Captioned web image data
---
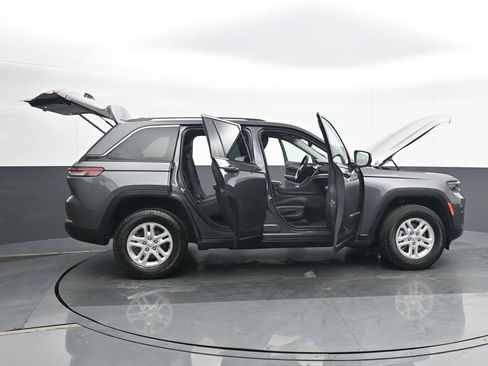 Used 2024 Jeep Grand Cherokee Laredo image 26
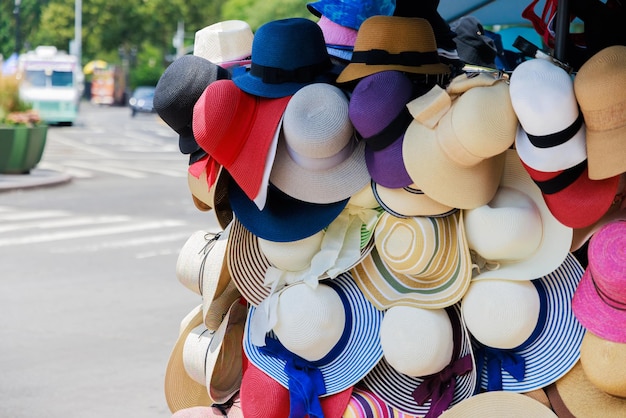 Sombreros de playa vendiendo en la calle de la ciudad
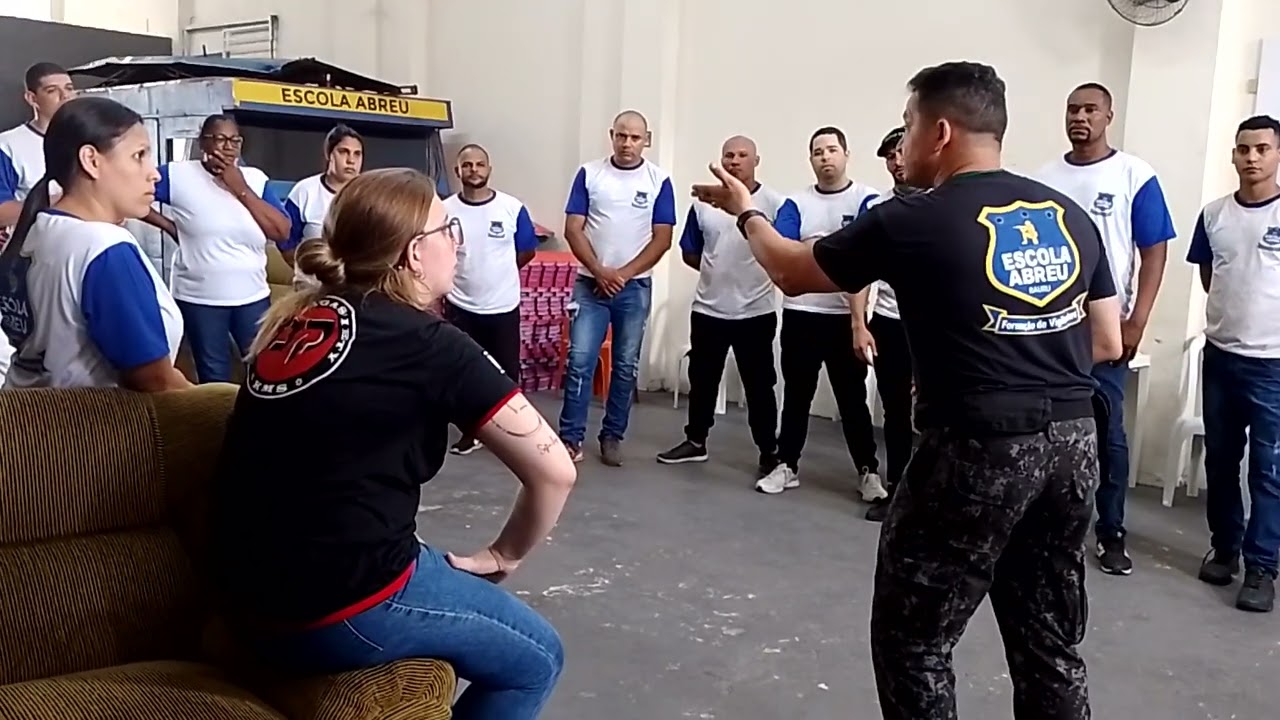 Escola Abreu formando vigilantes com qualidade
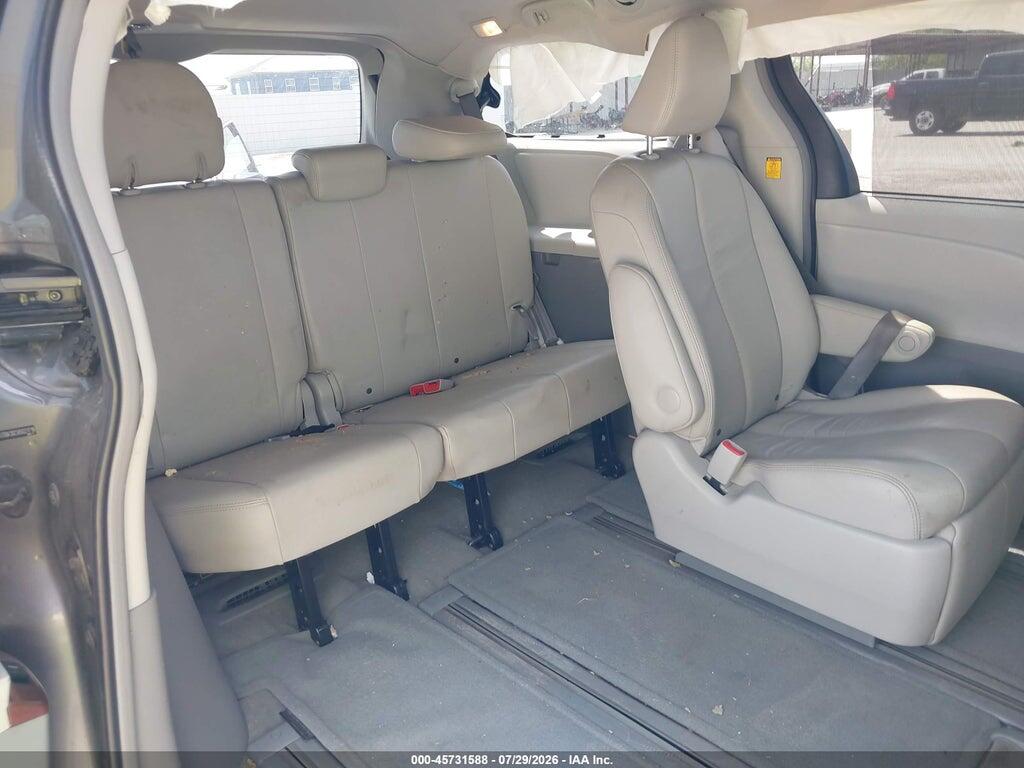 5TDDK3DC5BS021718 2011 TOYOTA SIENNA photo no. 8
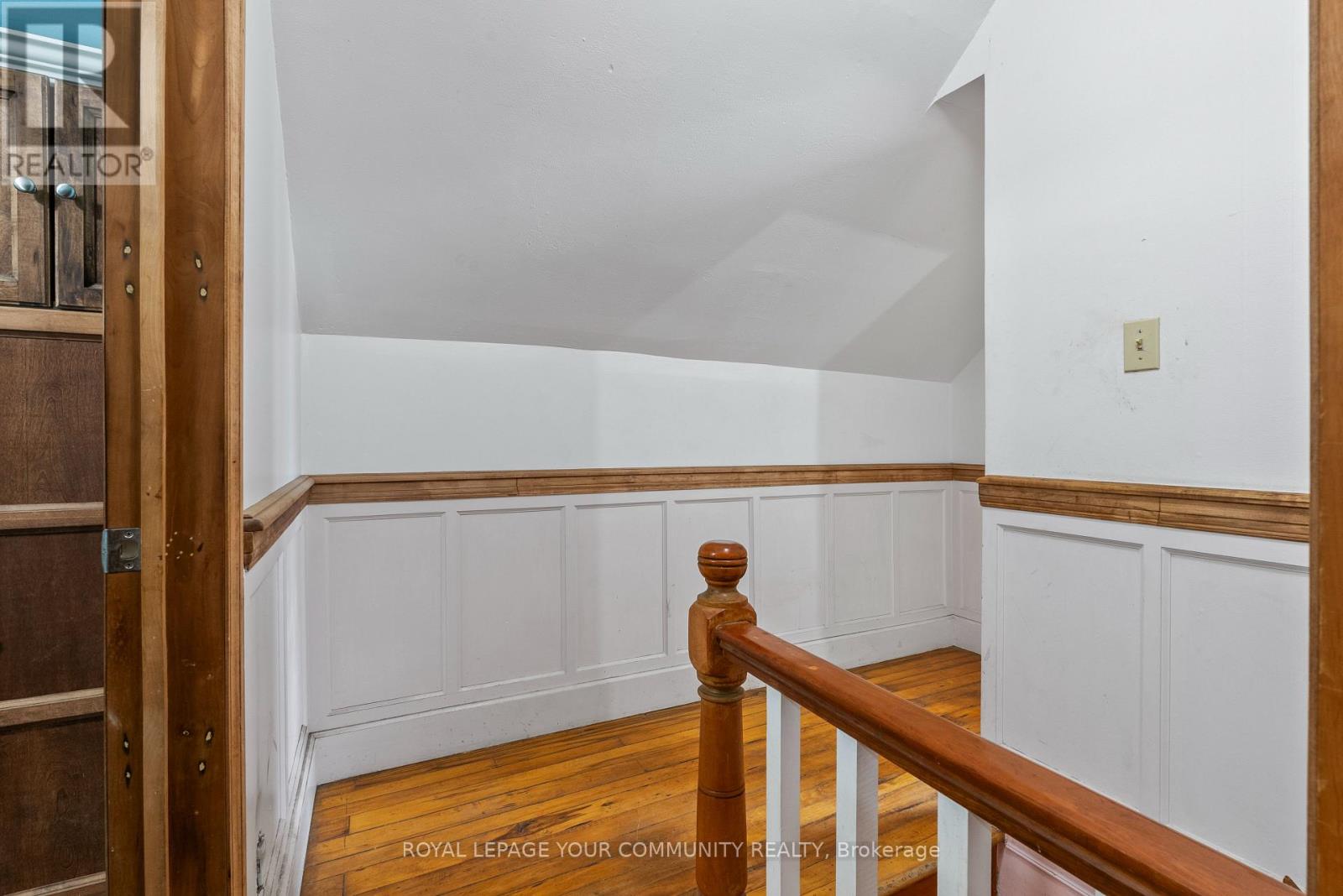 500218 Grey Road 12, West Grey, Ontario  N0C 1H0 - Photo 16 - X12377618
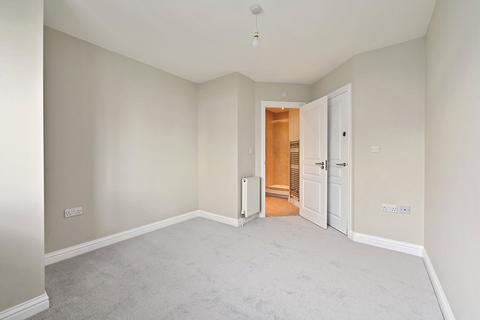 2 bedroom flat for sale, Kingston Road, Surrey TW18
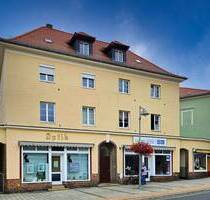 Zentral Wohnen in Heidenau mit Einbauküche, Parkett und Hobbyraum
---
▶ [Task details]:
Start with the line that holds "5TDDK3DC5BS021718 2011 TOYOTA" and retype each line through the last one in the data, exactly and without pictures.

▶ [Output of the exercise]:
 5TDDK3DC5BS021718 2011 TOYOTA SIENNA photo no. 8
 500218 Grey Road 12, West Grey, Ontario  N0C 1H0 - Photo 16 - X12377618
 2 bedroom flat for sale, Kingston Road, Surrey TW18
 Zentral Wohnen in Heidenau mit Einbauküche, Parkett und Hobbyraum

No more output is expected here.